Continuous Deployment with Capistrano and Jenkins
So we just launched our new site. I figured this was as good a time as any to finally get our ducks in a row vis-a-vis continous deployment. Since this is the sort of thing that a lot of people have to deal with, I figured I'd publish a blog post explaining how we took care of it.
Continuous Integration
isotope|eleven uses Jenkins for our continous integration server. We have it configured to run the relevant tests anytime a commit is pushed to our git repositories, as well as once daily for each job. We keep the Jenkins Wallboard running on our main conference room TV at all times, so we can see at a glance if any builds are failing. These are all fairly standard practices.
Continuous Deployment
Jenkins is pretty flexible, and so when it came time to do continous deployment I decided to use Jenkins to handle it. In Jenkins, it's very easy to make a job that just executes some shell script (in fact, most of our jobs are precisely this sort). This is perfect, because of course we just have a shell script we use to deploy our projects - capistrano!
Setting up the deploy job
To get started, I built a new job in Jenkins. The repository our site lives
in is called isotope-rails3, as is the main CI job for our site, so the new
job is called isotope-rails3-deploy. I set its git repository URL to our
repo. I then added a single build step, an "Execute Shell" step whose
command
is cap deploy:migrations
Finally, I set it to notify me in the event of a failure.
Setting up deploy without intervention
At this point, I can click the 'Build Now' button to kick off the deploy, but it's going to complain about passwords. I also had to set up the jenkins user on the jenkins server to be able to deploy our site passwordless. If you don't know how to do this, this is a pretty good tutorial on setting up your SSH authorized keys.

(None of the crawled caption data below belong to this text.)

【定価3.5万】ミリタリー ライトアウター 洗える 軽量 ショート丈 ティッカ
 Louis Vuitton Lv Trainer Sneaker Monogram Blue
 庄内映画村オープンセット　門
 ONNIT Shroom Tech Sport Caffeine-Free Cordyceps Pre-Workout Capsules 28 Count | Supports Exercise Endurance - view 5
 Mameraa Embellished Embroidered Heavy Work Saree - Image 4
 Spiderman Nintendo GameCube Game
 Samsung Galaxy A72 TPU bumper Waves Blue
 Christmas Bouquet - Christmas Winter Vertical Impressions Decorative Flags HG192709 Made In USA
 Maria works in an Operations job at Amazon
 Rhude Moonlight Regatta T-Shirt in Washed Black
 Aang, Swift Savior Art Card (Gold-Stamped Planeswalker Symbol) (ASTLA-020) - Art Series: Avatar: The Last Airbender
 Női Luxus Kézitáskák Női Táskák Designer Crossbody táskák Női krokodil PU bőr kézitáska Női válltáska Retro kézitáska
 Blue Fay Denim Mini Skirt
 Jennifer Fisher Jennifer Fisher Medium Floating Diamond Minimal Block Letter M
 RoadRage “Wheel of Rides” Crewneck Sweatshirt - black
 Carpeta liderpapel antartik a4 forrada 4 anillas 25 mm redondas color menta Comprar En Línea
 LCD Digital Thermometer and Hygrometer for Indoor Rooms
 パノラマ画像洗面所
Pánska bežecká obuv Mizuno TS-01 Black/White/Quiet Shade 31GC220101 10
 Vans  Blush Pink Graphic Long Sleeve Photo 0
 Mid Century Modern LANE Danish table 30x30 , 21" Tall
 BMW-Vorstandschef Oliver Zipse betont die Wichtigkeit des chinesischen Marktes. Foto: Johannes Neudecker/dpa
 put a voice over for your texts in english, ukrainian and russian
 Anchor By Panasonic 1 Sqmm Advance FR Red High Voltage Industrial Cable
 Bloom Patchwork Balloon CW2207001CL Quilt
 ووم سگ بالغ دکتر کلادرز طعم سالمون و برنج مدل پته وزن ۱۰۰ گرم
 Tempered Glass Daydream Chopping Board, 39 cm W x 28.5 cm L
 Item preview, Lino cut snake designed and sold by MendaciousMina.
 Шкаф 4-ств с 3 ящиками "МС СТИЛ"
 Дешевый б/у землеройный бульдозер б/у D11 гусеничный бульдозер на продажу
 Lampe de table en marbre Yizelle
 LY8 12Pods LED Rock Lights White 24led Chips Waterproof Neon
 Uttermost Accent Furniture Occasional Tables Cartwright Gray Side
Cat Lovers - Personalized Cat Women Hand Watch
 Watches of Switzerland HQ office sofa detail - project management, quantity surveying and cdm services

So now the button works and it will deploy without intervention, but I want to kick off this job after a successful run of our tests so that it will deploy each time we push new code to the deploy branch. To manage this, I just went into our main CI job for the repo and set it to 'Build other projects' in the Post-build Actions, and I told it to build the 'isotope-rails3-deploy' job only if the build succeeded.
Done! Get your Continous Deploy on.
With those simple steps, you've got a robust Continuous Deployment server that can be modified in a host of useful ways, as it's just a standard Jenkins job. Let me know if you try this and have any problems. Thanks!